EWF: Board of Directors (2025)
| Name | EWF Position | Position in EWF Member Organisation | Country |
|---|---|---|---|
| Stefano Morra | President | Technical Manager at Istituto Italiano della Saldatura IIS | Italy |
| Imre Németh | Vice-President | Director at NIL (Nederlands Instituut voor Lastechniek) | Netherlands |
| Rute Ferraz | Chief Executive | EWF Chief Executive/Management Team | Portugal |
| Martin Lehman | Director | Head of Training and Certification in DVS e.V. and CEO of DVS ZERT GmbH | Germany |
| Clare McGrath | Director | CSWIP Scheme Manager & Head of Personnel Certification at TWI | United Kingdom |
| Fernando Mañas | Treasurer | General Director of CESOL (Asociación Española de Soldadura y Tecnologías de Unión) | Spain |

The Secretariat is elected for a period of 5 years by the General Assembly from among the proposals made by the full members, in accordance with the criteria established by the General Assembly. []

EWF - Executive Management Team (2025)
| Name | Position | Professional Summary |
|---|---|---|
| Rute Ferraz | General Manager | Manages the International System for Qualification and certification of Personnel and Companies, since 2002 and is EWF Lead Assessor. Mrs Ferraz has an international professional career of over 25 years in Quality Management in Italy, Brasil and Argentina and at present also is Director of the Training Department at ISQ – Instituto de Soldadura e Qualidade. |
| Eurico Assunção | Deputy Director | Deputy Director of EWF as well as an invited lecturer at Instituto Superior Técnico, University of Lisbon, in Laser Processing. Mr Eurico Assunção holds a degree as Doctor of Philosophy (PhD) Welding Engineering, from the Cranfield University and a European and International Welding Engineer Diploma. Is responsible for the Collaboration Projects of EWF and has coordinated more than 20 large projects involving organisations from all EU. Also manages the Joining Platform, as a sub-platform within the EU Platform “Manufuture”. |

The EWF Technical Committee is set up by the General Assembly to cover a technical area related to training, qualification and certification in the welding and joining fields, implying a continuous activity, without any time limit, and consists of the Chairman, the representatives of the members and Working Groups.

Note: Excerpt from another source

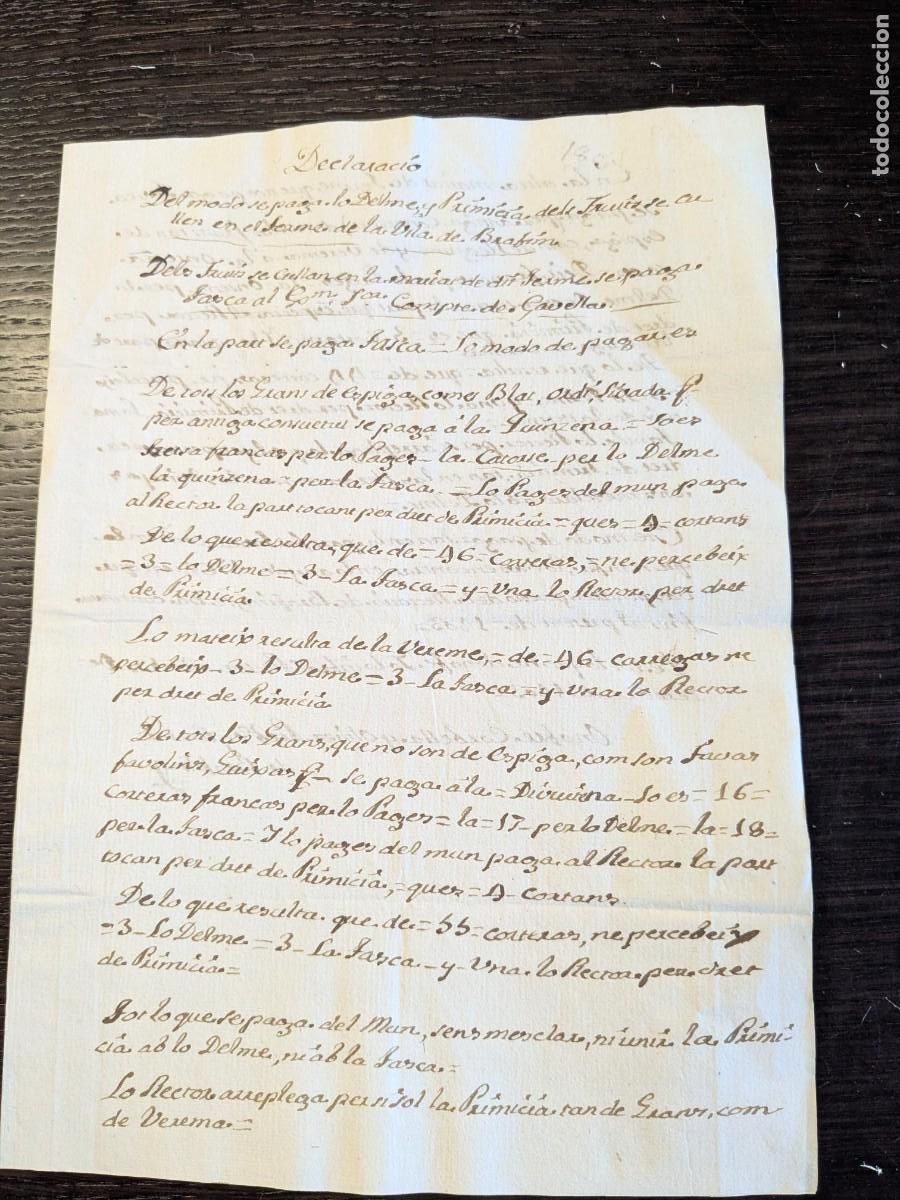 Manuscritos antiguos: 1803 BRAFIM TARRAGONA MODO DE PAGAR LA PRIMICIA Y FRUTOS DEL TERMINO DE LA VILLA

EWF - International Joining Qualification and Certification Council (2025)
| Council | Terms of Reference | Convenor |
|---|---|---|
| IJQCC | The EWF International Joining Qualification and Certification Council - IJQCC, is set up by the General Assembly for covering several areas of competence: Standardization, Certification, Training and Qualification in the welding, joining and cutting fields and EWF System Rules. Each area of competence consists of several working groups implying a continuous activity, without any time limit. It consists of the Chairman of the Technical Committee, a convenor per area of competence and the representatives of the members and Working Groups. | Juan Rosell |
| Training and Qualification | Develops, maintains and updates the EWF System for Qualification of Personnel to keep it consistent with the European rules and industry needs, assure consistency of the overall EWF system and keep liaisons with the personnel certification schemes. | Philippe Leca |
| Certification | Develops the strategy for the EWF System for Certification of Personnel and Companies in line with the European Standards, directives and industry needs; assures consistency of the EWF Certification Schemes with EU legislation. | Emanuele Gandolfo |
| Standardization | Identifies the welding standards which are worthy to the EWF members; not only related to the certification/qualification of welding and inspection personnel as well as schemes for the certification of FPC and another European standards/directives that might have a direct influence in the activities carried out by the EWF members. Assists EWF members in implementing and developing new areas of intervention related to standards/directives. | Tobias Rosado |
| EWF System Rules | Ensures the update of EWF rules and requirements for Personnel Qualification and Certification (PCS) according to the EWF developments; develops the EWF Operational System documents depicting the EWF organizational structure and terms of reference for each body. | Italo Fernandes |
| European Union Tools | EU Projects, collaboration between European Organizations, EU Rules and instruments. Assist EWF members in developing project proposals and facilitate the dissemination of upcoming European project calls. | Eurico Assunção |

== Key activities ==

=== Education, training and qualification of personnel ===
The EWF qualification system has several types of professional training covering welding, bonding and related techniques. This harmonized system of education and training has been adopted by IIW as an international qualification system since 2000. Its relevance has been recognized both by ISO and CEN, which have EWF as a liaison member. These different technologies, like particular processes, require that the quality of the product be incorporated during the and maintenance, and cannot be ensured only by final testing. That entails personnel with particular high level of knowledge, skills and competencies, which can be obtained through the EWF qualification system.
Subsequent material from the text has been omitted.